Michael watched Andolini show his documents to the police. He saw the special red-bordered pass that he knew could only be issued by the Minister of Justice in Rome. Michael had one himself which he had been instructed to show only as a last resort. How did a man like Andolini get such a powerful document?

Then they were back in the car and rolling through the narrow streets of Montelepre, so narrow that if a car came from the opposite direction they could not pass each other. The houses all had elegant balconies and were painted different colors. Many were blue, a few less were white and there were some painted pink. A very few were yellow. At this time of the day the women were inside cooking dinner for their husbands. But no children were in the streets. Instead, each corner was patrolled by a pair of carabinieri. Montelepre looked like an occupied town under martial law. Only a few old men looked down from their balconies with faces of stone.

The Fiat stopped in front of a row of attached houses, one of which was painted a bright blue and had a gate in which the grillwork formed the letter 'G.' The gate was opened by a small wiry man of about sixty who wore an American suit, dark and striped, a white shirt and a black tie. This was Guiliano's father. He gave Andolini a quick but affectionate embrace. He patted Michael on the shoulder almost gratefully as he ushered them into the house.

Guiliano's father had the face of a man suffering the awaited death of a loved one terminally ill. It was obvious he was controlling his emotions very strictly, but his hand went up to his face as if to force his features to keep their shape. His body was rigid, moving stiffly, yet wavering slightly.

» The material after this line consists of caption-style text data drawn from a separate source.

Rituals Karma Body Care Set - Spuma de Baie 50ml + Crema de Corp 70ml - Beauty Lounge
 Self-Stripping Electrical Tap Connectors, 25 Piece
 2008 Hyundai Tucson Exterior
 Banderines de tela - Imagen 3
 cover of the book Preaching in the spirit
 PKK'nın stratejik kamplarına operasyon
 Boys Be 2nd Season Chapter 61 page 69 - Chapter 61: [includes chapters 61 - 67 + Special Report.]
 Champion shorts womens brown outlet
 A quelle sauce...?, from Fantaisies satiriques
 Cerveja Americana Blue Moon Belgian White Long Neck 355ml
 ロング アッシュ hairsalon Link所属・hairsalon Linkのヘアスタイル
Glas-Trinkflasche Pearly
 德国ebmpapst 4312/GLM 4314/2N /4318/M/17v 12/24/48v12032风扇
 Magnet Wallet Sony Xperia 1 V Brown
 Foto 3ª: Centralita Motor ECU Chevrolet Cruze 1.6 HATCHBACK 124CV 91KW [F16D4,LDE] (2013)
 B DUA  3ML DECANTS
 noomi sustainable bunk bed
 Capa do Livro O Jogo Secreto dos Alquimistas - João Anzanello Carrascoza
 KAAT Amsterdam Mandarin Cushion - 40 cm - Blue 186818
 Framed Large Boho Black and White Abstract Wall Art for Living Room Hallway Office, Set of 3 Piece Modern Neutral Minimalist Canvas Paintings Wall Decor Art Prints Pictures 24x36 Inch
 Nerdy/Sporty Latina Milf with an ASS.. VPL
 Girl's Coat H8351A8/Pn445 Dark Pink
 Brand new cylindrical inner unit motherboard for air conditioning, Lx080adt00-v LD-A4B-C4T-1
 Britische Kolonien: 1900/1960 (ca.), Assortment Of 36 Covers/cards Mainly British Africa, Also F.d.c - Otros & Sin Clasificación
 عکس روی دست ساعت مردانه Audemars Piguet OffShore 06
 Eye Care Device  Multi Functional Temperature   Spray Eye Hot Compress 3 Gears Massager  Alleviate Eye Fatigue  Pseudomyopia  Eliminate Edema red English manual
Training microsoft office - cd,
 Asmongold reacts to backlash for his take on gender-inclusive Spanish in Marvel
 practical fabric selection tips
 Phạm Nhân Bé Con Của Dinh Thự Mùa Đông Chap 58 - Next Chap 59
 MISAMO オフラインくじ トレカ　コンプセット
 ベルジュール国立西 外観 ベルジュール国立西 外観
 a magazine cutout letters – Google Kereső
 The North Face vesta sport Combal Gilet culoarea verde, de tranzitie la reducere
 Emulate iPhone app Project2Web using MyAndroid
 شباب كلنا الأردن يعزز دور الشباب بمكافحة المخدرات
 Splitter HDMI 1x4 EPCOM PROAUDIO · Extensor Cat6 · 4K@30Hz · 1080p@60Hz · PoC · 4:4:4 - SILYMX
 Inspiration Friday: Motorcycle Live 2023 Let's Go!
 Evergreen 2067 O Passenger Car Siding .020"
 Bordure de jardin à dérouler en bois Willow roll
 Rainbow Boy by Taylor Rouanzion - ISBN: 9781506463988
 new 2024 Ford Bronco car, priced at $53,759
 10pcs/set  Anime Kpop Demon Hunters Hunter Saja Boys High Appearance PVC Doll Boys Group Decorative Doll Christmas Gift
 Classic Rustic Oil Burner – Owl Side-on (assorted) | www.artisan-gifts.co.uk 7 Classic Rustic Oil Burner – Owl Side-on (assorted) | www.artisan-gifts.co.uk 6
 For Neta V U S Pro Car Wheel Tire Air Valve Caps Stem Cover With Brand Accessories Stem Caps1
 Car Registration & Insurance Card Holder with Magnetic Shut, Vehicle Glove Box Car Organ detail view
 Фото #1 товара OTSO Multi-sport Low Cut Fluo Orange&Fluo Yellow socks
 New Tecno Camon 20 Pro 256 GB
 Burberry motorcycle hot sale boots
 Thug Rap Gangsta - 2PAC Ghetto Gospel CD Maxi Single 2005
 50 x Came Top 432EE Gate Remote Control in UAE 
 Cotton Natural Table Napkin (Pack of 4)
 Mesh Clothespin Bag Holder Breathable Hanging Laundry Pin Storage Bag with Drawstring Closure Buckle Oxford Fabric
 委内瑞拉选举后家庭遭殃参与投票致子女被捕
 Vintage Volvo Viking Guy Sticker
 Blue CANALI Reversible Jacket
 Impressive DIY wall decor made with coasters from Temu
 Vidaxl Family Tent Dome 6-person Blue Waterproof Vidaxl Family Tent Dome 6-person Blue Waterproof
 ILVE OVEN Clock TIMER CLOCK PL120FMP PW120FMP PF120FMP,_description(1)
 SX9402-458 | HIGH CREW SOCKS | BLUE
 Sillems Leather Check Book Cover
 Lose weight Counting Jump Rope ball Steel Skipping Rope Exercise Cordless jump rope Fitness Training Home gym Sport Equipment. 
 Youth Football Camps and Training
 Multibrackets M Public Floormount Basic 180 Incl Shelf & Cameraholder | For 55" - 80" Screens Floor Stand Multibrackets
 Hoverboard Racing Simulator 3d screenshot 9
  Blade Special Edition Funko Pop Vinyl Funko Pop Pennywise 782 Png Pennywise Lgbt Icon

They entered a large sitting room, luxurious for a Sicilian home in this small town. Dominating the room was a huge enlargement of a photograph, too fuzzy to be recognizable, framed in oval cream-colored wood. Michael knew immediately this must be Salvatore Guiliano. Beneath, on a small round black table, was a votive light. On another table was a framed picture defined more clearly. Father, mother and son stood against a red curtain, the son with his arm possessively around his mother. Salvatore Guiliano looked directly into the camera, as if challenging it. The face was extraordinarily handsome, like that of a Grecian statue, the features a little heavy as though wrought in marble, the lips full and sensual, the eyes oval with half-closed lids set wide apart. It was the face of a man without self-doubt, determined to impose himself upon the world. But what no one had prepared Michael for was the good-humored sweetness of that handsome face.

There were other pictures of him with his sisters and their husbands, but these were almost hidden on shadowy corner tables.

Guiliano's father led them into the kitchen. Guiliano's mother turned from the cooking stove to greet them. Maria Lombardo Guiliano looked much older than the photograph of her in the other room, indeed looked like some other woman. Her polite smile was like a rictus on the bone-set exhaustion of her face, her skin chapped and rough. Her hair was long and full over her shoulders but streaked with heavy ropes of gray. What was startling was her eyes. They were almost black with an impersonal hatred of this world that was crushing her and her son.